Several days into a trip to Oman, my father and I pulled into a fly-bothered cafe on the coastal highway to Sur. We were in Tiwi, a seaside fishing village near one of the country’s most mouthwatering gorges, Wadi Shab. Lined with terraced plantations and pea-green pools, the ‘gorge between the cliffs’ is a beaut. The plan was to grab a few photos before continuing southeast.
That was when we met Said.
Said was a local Omani boy — maybe 16 years old, tall for his age, wearing a cap, sandals and toothpaste-white dishdasha robe. Matter-of-factly, he approached us at our rental car and offered to guide us into the gorge.
“First swim. Then walk. Then swim, then walk, then swim,” he said.
Swim? Dad and I looked at each other. Said didn’t seem like a tourist guide and he didn’t ask for a fee. Two possibilities played out in my mind — one involving a headline reading ‘Gullible father and son hacked into 2,317 pieces in Omani gorge.
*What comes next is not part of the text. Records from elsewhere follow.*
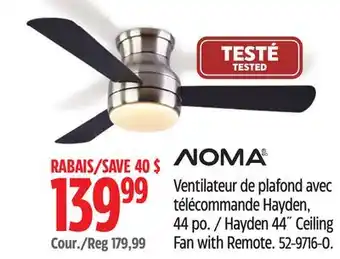 Canadian Tire NOMA Hayden 44˝ Ceiling Fan with Remote offer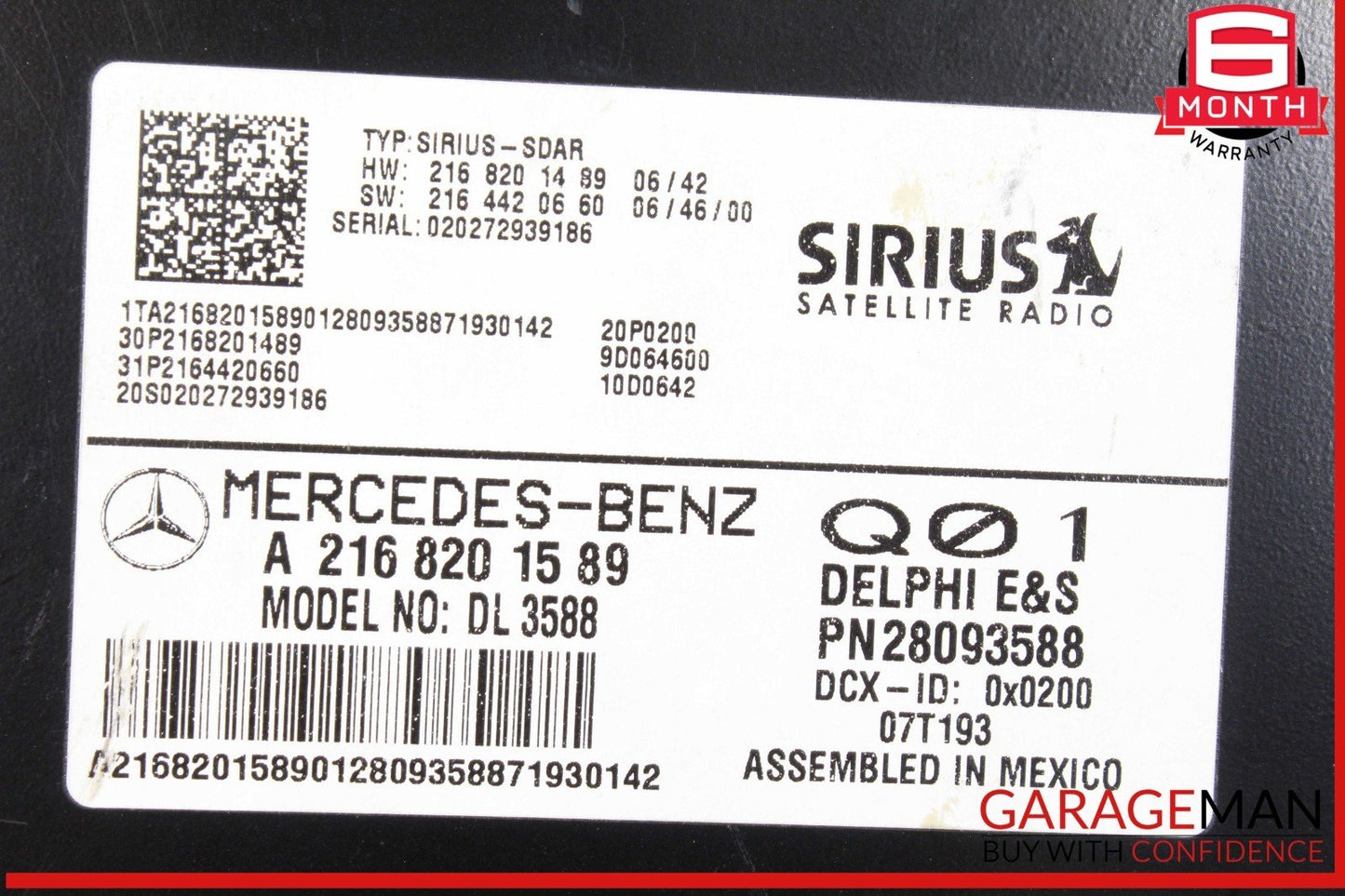 07-14 Mercedes W216 CL550 SLK350 Sirius Satellite Radio Module Receiver OEM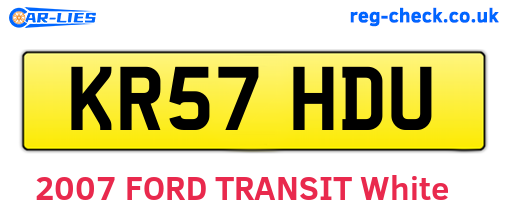 KR57HDU are the vehicle registration plates.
Wallets missing’. But there was something about Said’s manner, about the moment in which his offer came, that felt good in my gut.
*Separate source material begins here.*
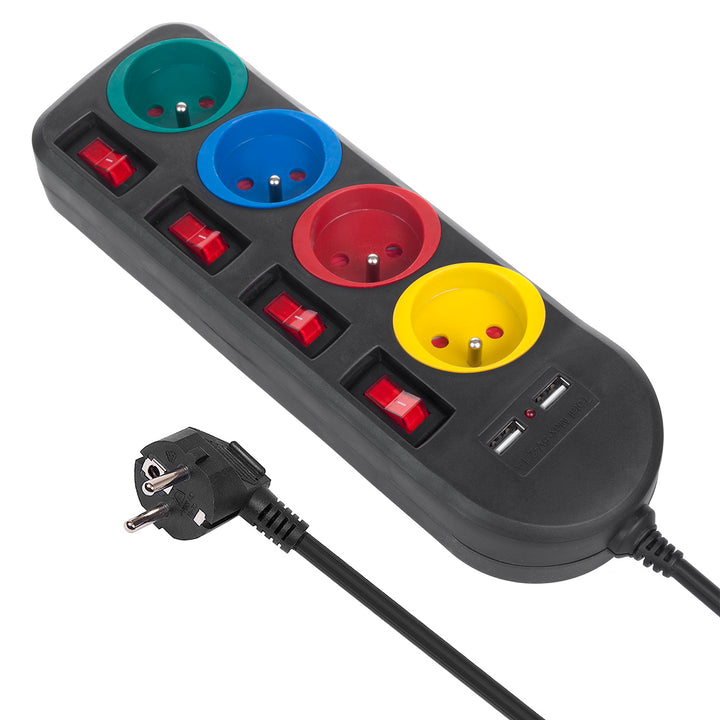 Napájacia lišta Maclean, 4-zásuvkový predlžovací kábel + 2xUSB, s prepínačmi, 250 VAC/10A, 2,1 A 5 V, 1,5 m, biela, MCE229B + USB kábel MCE471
When I was a kid, Dad might have taken this decision for us. But I wasn’t a kid any more. This was the first big trip we’d taken together as adults. We’d had our share of ups and downs so far; our moments of connection and our moments of fist-clenching irritation. We’d gotten lost in the souqs of Muscat and wondered at the clouds of butterflies on mountain roads. We’d slept inches from each other in grotty hotels; passed unhelpful remarks on each other’s driving habits. I’d gotten food poisoning and lost my lucky hat. He’d been eaten alive by mozzies. By the time we got to Tiwi, on the far eastern coast, the holiday could have gone either way.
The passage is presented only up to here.